If I told you that a fact, wrapped in an emotional story, is 20-times more memorable[i], would you believe it?
I didn’t at first. So we continued to throw facts against the customer’s wall, and they continued to stick as if they were coated with Teflon.
I wanted to believe that our value propositions could stick like Velcro, but I couldn’t until I personally experienced the power of an emotional story to make a dull fact unforgettable. And this story took place a few years ago at my son’s soccer game (see video of story live below).
As I stood watching the game in the rain, the clouds grew dark, and I heard thunder. That was when Scott, the CEO of Colgate, warned: “If there’s lightning, we’re in a bad place.”
“But we’re right next to the skating rink,” I countered, “and it’s surrounded by tall metal light-posts. Won’t they act as lightning rods?” “Maybe,” said Scott, “but they need to be grounded; otherwise, lightning can travel horizontally, and then… we’re toast.”
Oh please, I lamented, not another overly cautious warning. As Scott droned on about the dangers of lightning, I drifted away, and thought that Scott may know a lot about toothpaste, but meteorology… I don’t think so.
And then he told a story, and everything changed.
He recounted how he, three friends, and four caddies were playing golf in Columbia. Like today, there was rain, but it was the lightning that forced them to seek refuge inside a nearby kiosk. Inside, there was an idyllic scene that looked like it came out of a Coca-Cola commercial. One of the caddies, with his white teeth and dark skin, was sitting on an ice-box, sipping a Coca-Cola. When suddenly, there was lightning, and it struck a tree 20-yards away. It then traveled horizontally into the kiosk, and then it continued to the ice-box.

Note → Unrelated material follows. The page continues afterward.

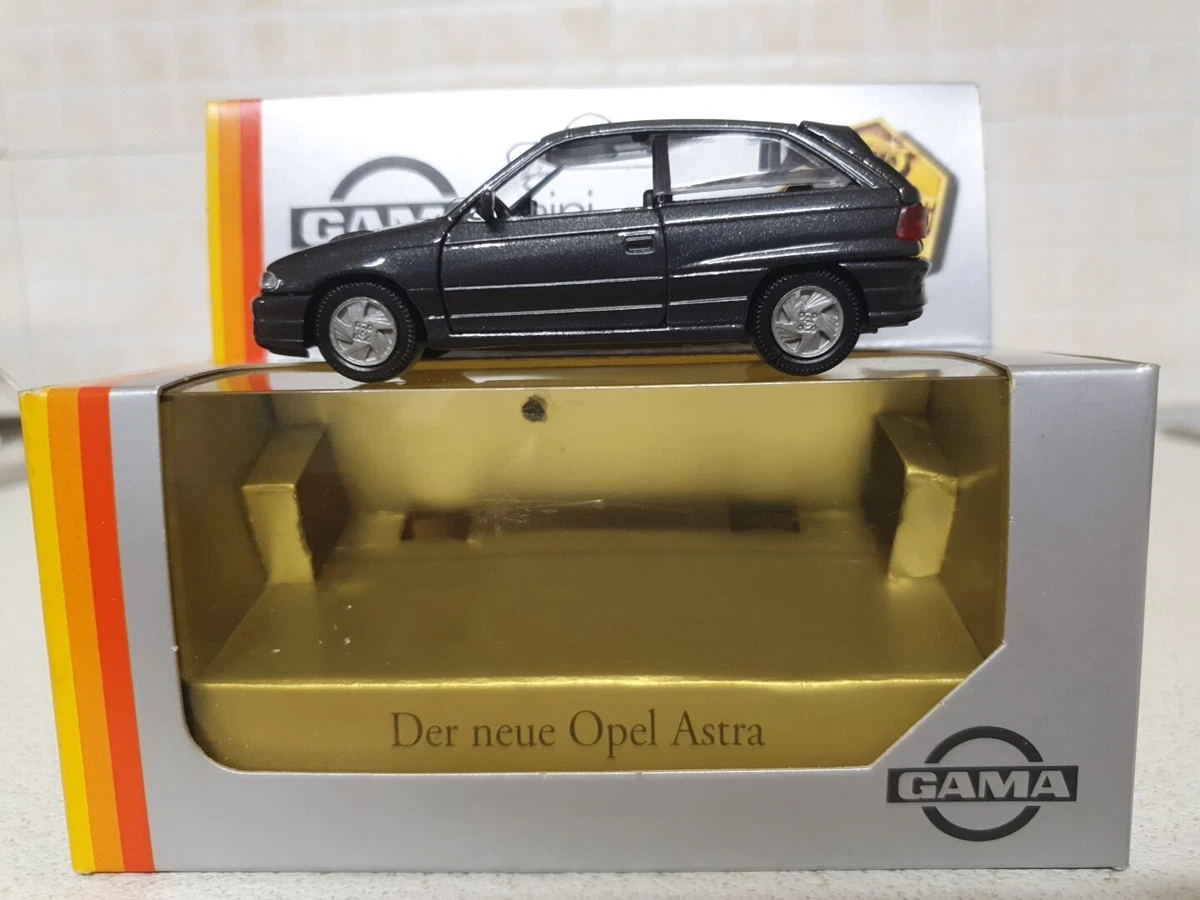 OPEL Astra GSi Gris Métal – Miniature Gama 1/43 – Occasion – Collection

“Oh no,’ I asked, “Was the caddie OK?” “No” Scott said “he died.”
“That’s terrible, did you see it happen?” And right then, I wished I could have reached out, pulled back my words, and eaten them. But I couldn’t. I saw Scott look down at the ground, pause, and then he slowly responded “Yes.” And as he kicked the grass with his foot, he then said quietly, “and he was just a child.”
After a couple of minutes of watching the game, Scott went on to explain the dangers of lightning. The only difference was, this time, I actually listened. In fact, I’ll never forget this emotional story about the poor boy that died. And I’ll also always remember the fact that lightning can travel horizontally.

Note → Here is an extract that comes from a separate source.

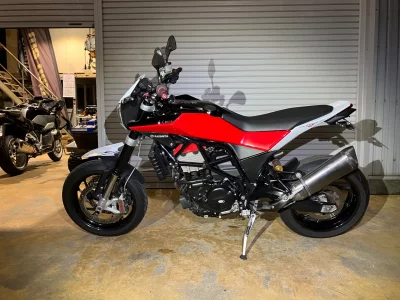 Husqvarna HUSQUARNA NUDA 900 R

But is this just a moving story, or is there scientific proof to back it up? Yes, there’s proof. Dr McGaugh, at the University of California, for example, discovered that if he injected rats with strychnine, a poison that simulated adrenaline, they remembered better. It only worked, however, if he injected them after the event. It may seem odd that you could improve learning after the event, until you put it into the context of our evolution. Imagine early man stumbling upon a tiger as it emerges from a cave. The man runs for safety, hides behind a rock, and his body is pumping with adrenaline. And it’s the release of adrenaline that helps him to “remember that cave” so that he’s able to avoid the tiger and survive. And the amount of adrenaline released is dependent on the intensity of emotion and the level of surprise.

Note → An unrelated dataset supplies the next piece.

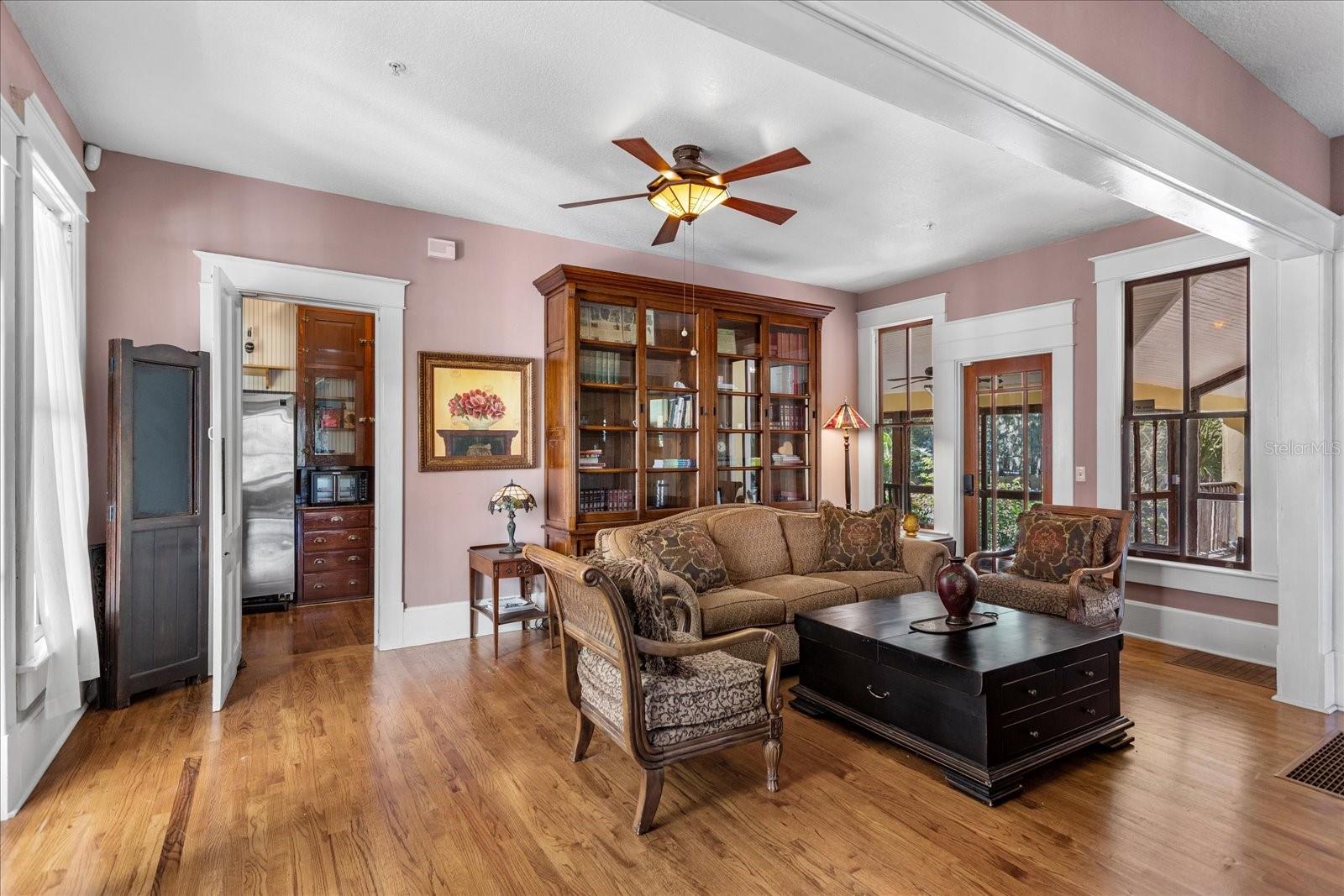 OAKLAND - Residential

That’s why almost everyone is able to remember where they were, and what they were doing when they found out about 9/11. Why? Because we were shocked that it could happen, and we were filled with intense emotions of empathy and fear.
Facts and figures, on the other hand, are too abstract. You can’t see or feel them, so they don’t feel like they affect you- either directly or indirectly.
The fact that lightning could travel sideways wasn’t memorable until I was shown in concrete terms how it affected a real person, the little boy, and that made it emotional. That’s why charities pull two times the donations when their letters are about how the facts affect one person vs. many.
So could your salespeople pull two times the sales if they showed how your product affected one person vs. many? Would customers buy more if your product no longer felt abstract but real, and your value no longer felt generic but personal?
[i] Jerome Bruner, Cognitive Psychologist, The Elements of Persuasion p 125.